ASSIGNMENT: Keep the text of the data exactly as it is and omit each picture from the copy.

GIVEN INFORMATION:
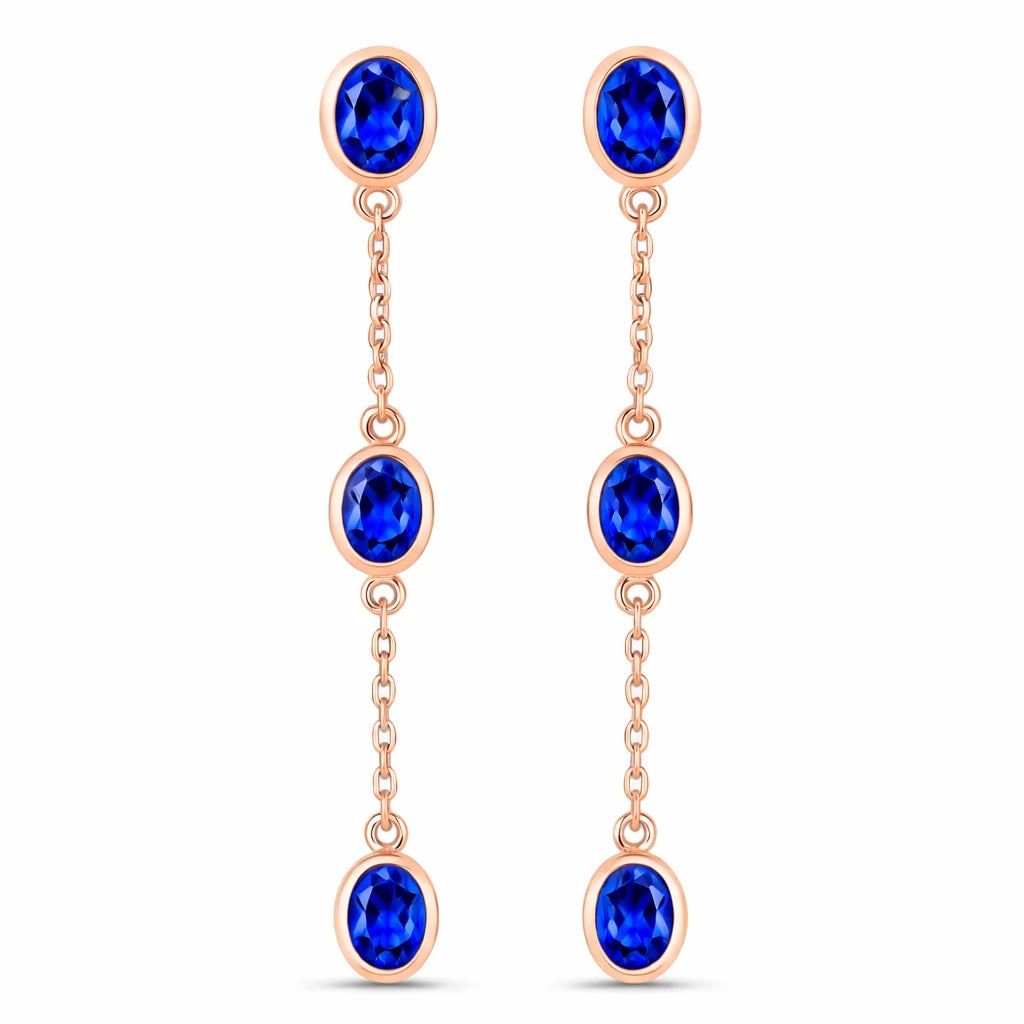 Oval Cut Bezel Set Station Drop Earrings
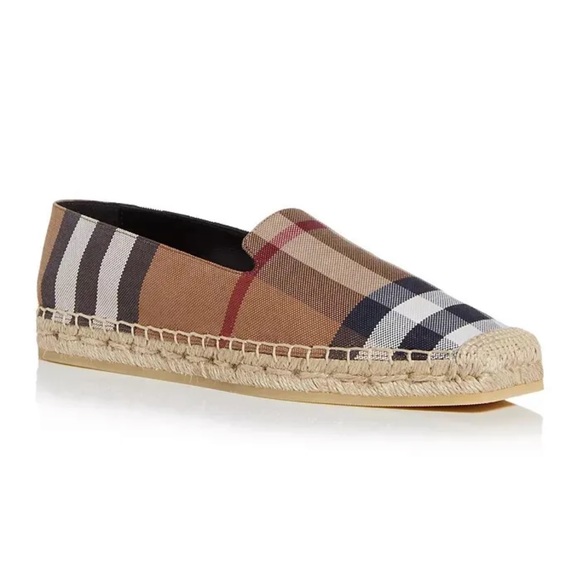 BURBERRY BIRCH BROWN CHECK ESPADRILLES FLAT CASUAL SHOES 41/US 10 - Picture 13 of 15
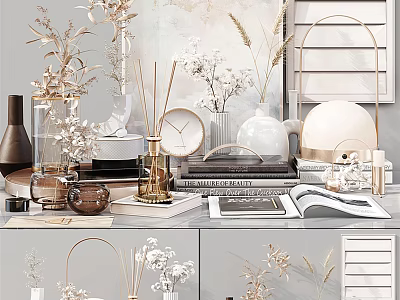 Modern Neutral Color Decorative Ornament Set With Glass Vases Reed Diffusers Clock And Dried Flowers 3d model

TASK RESPONSE:
 Oval Cut Bezel Set Station Drop Earrings
 BURBERRY BIRCH BROWN CHECK ESPADRILLES FLAT CASUAL SHOES 41/US 10 - Picture 13 of 15
 Modern Neutral Color Decorative Ornament Set With Glass Vases Reed Diffusers Clock And Dried Flowers 3d model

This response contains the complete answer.